Hmm, I wonder if our mills are constructed differently. My Y-axis nut has a boss that fits in a hole that orients the split in the nut for backlash adjustment towards the front of the mill.  I just looked at the manual and the IPB shows that my Y-axis nut is oriented correctly. The only way to access that Y-axis adjustment screw is from underneath the mill. The X-axis nut adjustment is accessible up top, from the end of the table with it shifted most of the way to the left. So, if his mill is really an RF-30, I am not clear how this mill, if set on a tool chest with no access to the bottom of the mill, will work. What am I missing?


----------



## ahazi (Sep 5, 2020)

I have an Enco RF25 that I mounted on top of a Harbor Freight drawer toolbox. I used 1-1/8 inch plywood to spread the weight and I welded a custom wheel base so I can move it. I only use it as a drill press so I am not using the XY table much and all the comments regarding lead etc are probably something I need to look into. So FWIW here are the pictures with the generic wheels and my custom base that was my first welding project...


----------



## mickri (Sep 5, 2020)

Mikey our machines are different.  And I guess my memory is fading.  Checked my machine.  The screw for the Y nut is only accessible from the top on my machine.  I have to remove one of the side plates for the X lead screw so the table can slide past centerline to get to the screw that holds the Y nut in place.  I can also now access the bolts for the X nut.  There is no backlash adjustment on either the X or Y nut on my machine.  When moving the table past centerline be careful.  The table is very, very heavy on my machine.  Attached is a manual for an RF 30 that I found online.  Don't remember where I found it.  My Excel 31 seems to be very similar to the RF 30.


----------



## mickri (Sep 5, 2020)

Also have a manual for the Enco version.  Might be best to take the table off of your mill/drill to see what you have and proceed from there.  There appears to be some variations in the different clones of the RF30.


----------



## C-Bag (Sep 5, 2020)

Similar, but very different Chuck. My RF30 sold by Enco has adjustments on the X &Y lead screw nuts and the adjustment for Y is only accessible underneath through an access hole. And looks exactly like the pdf you posted.

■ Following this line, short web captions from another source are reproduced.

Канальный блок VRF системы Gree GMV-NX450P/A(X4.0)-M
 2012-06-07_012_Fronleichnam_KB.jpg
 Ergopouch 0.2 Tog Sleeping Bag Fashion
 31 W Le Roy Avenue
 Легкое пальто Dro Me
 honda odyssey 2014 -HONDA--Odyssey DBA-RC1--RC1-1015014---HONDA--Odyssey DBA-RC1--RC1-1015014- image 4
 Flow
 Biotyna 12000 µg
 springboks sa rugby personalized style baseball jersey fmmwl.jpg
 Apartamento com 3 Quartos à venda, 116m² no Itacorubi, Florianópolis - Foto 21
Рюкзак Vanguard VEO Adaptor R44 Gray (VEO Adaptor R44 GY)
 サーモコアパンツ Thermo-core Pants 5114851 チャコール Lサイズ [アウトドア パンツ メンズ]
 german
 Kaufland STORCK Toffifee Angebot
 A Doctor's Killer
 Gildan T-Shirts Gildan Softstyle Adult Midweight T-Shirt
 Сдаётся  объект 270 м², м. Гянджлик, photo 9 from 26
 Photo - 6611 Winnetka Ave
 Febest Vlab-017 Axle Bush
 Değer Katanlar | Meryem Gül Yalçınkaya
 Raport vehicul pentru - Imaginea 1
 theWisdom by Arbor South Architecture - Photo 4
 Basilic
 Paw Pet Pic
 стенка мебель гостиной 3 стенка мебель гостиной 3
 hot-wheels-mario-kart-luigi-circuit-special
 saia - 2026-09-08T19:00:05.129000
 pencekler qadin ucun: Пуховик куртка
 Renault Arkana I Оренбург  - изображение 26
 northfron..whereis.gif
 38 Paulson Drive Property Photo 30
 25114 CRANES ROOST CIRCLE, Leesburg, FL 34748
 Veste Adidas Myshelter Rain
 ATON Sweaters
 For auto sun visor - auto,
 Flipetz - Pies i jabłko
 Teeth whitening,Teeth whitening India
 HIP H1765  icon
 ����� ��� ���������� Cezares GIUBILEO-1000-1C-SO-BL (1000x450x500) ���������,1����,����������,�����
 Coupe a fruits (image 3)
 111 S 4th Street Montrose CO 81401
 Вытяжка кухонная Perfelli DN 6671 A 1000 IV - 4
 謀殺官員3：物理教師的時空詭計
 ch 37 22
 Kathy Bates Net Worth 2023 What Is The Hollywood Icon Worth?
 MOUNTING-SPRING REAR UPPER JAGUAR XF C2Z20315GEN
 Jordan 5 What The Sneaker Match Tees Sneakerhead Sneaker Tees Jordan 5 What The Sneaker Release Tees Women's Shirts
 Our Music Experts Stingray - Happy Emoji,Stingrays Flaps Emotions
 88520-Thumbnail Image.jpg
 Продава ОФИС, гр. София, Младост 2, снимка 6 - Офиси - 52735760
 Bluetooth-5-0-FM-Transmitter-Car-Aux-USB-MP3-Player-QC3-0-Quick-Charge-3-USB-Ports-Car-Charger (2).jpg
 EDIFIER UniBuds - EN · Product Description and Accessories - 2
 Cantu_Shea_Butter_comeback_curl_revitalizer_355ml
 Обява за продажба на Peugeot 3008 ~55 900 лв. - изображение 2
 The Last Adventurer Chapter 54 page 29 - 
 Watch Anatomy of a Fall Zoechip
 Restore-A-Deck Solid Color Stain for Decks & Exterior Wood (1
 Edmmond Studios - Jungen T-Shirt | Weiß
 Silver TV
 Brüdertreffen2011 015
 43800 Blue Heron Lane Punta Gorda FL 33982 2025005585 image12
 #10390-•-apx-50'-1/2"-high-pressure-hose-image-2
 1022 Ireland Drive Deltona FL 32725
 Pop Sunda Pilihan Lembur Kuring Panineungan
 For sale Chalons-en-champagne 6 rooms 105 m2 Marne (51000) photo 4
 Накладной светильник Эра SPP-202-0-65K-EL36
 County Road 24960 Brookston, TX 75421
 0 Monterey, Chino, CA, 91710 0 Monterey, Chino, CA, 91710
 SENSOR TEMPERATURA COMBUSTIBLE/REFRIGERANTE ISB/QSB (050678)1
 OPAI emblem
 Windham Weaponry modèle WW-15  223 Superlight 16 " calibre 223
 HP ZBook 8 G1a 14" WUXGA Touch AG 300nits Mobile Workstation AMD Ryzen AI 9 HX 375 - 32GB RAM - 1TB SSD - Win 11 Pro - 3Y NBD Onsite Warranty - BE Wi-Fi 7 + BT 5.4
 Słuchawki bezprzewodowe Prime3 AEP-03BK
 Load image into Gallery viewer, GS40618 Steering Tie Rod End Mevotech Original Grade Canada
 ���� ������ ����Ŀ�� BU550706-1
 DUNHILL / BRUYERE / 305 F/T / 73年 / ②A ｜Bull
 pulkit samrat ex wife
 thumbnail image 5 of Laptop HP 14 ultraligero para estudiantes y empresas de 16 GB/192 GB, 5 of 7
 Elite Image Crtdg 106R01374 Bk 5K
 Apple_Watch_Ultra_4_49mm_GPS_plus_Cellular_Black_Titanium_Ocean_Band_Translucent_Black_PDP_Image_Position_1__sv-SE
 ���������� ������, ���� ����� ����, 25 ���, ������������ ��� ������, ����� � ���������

I see so much variation on stuff that is tagged by other makers. Some are what RF called the 25 which has a different column and is lighter built with smaller head.


----------



## mikey (Sep 5, 2020)

mickri said:


> Mikey our machines are different.  And I guess my memory is fading.  Checked my machine.  The screw for the Y nut is only accessible from the top on my machine.  I have to remove one of the side plates for the X lead screw so the table can slide past centerline to get to the screw that holds the Y nut in place.  I can also now access the bolts for the X nut.  There is no backlash adjustment on either the X or Y nut on my machine.  When moving the table past centerline be careful.  The table is very, very heavy on my machine.  Attached is a manual for an RF 30 that I found online.  Don't remember where I found it.  My Excel 31 seems to be very similar to the RF 30.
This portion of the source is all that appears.